I learned this morning that the deficit is an illusion and that America is not really broke. It's just that all our capital is tied up in luxury yachts and summer homes. Yes, that odd argument was, at least, made on behalf of the worthy premise that society has an obligation to the least fortunate of its members. But there seemed no more awareness on the part of the person who made it that his arithmetic doesn't add up than there is on the part of conservatives who insist with an equally oblivious abandon that there is no need for the government to help the poor because that's the job of the churches and private charity. That the bill is in each case exponentially, and even comically larger than the resources being suggested for paying it doesn't seem to occur to the extremists on either side of the political divide.
Making Mexicans and Muslims the scapegoats for all of our problems is crazy. It's demagogic, it's unproductive, and it's a lie.

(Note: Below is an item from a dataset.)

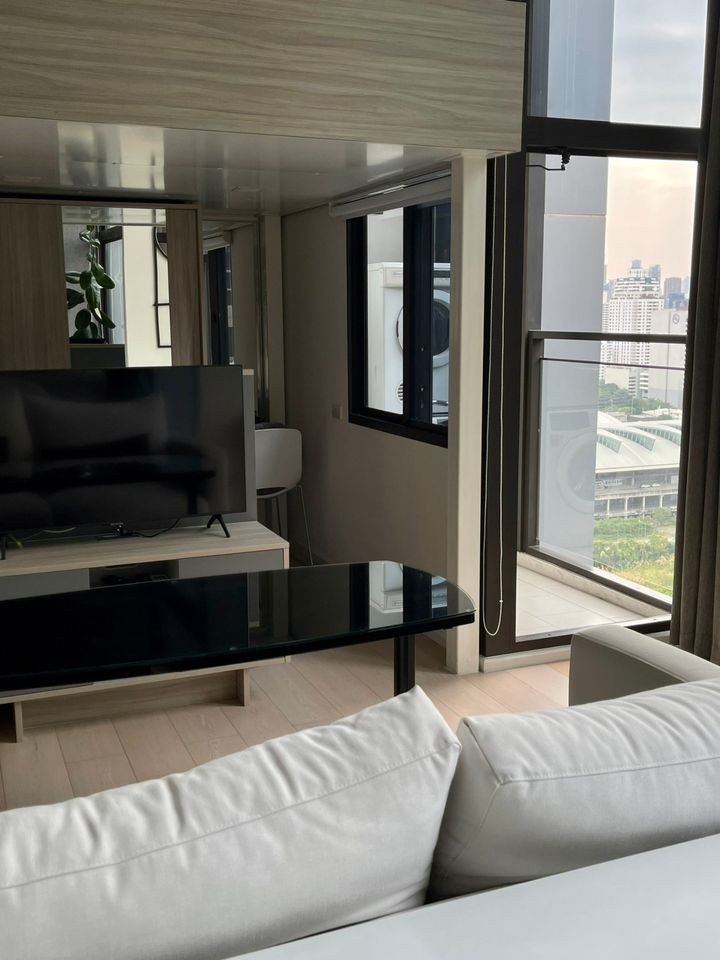 Wow, DUPLEX room, decorated very nicely, 21st floor, best view, book now at Chewathai Residence Asoke for rent.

But then, so is the notion that "the rich" don't pay their fair share of taxes.
Consider 2012, the latest year for which detailed statistics are available, The richest 50% that year paid 97.2% of all income taxes, compared with 2.8% being paid by the bottom 50%.

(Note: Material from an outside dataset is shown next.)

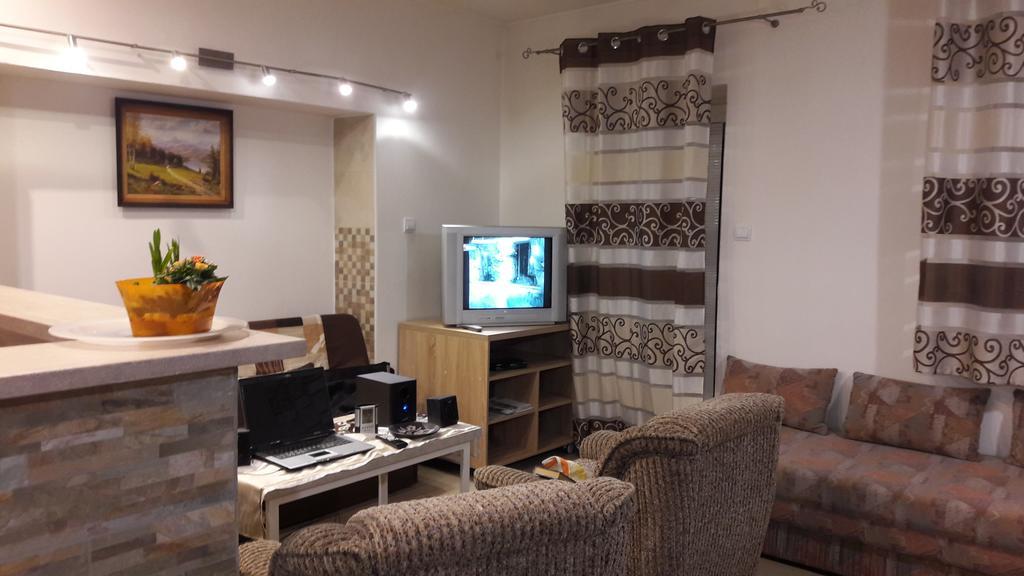 Apartman Yvet Sucany Экстерьер фото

The infamous "one percent" paid 31.2% of all income taxes in 2012, compared with 29.8% being paid by the bottom 90%.
The effective tax rate for "the one percent" was seven times higher than that of the bottom 50%.
Neither fanaticism nor demagoguery is unique to the Right. The fact is that our political discourse takes place mostly in echo chambers among people who share our own prejudices. And isolated as we are from rational discourse (or even its expectation) on those rare occasions when we encounter those with whom we disagree, we end up calling each other names and spouting craziness at each other rather than engaging in the kind of rational debate upon which democracy depends. We are well-catechized in the talking points of our own individual flavors of crazy, and when our arguments fall apart when challenged by the other side, we blame their perversity rather than our own disconnection from reality. And the phenomenon is equally valid on both sides of the political divide.
But I will say one thing. In fact, I'm almost tempted to write a letter to The New Yorker to point it out: as crazy as the Trumpist Right is these days, finding relative sanity is a lot easier on the Right than on the Left. I, for one, am unable to think of analogs on the Left for Lindsey Graham, or John McCain, or even Ben Sasse or Mitt Romney.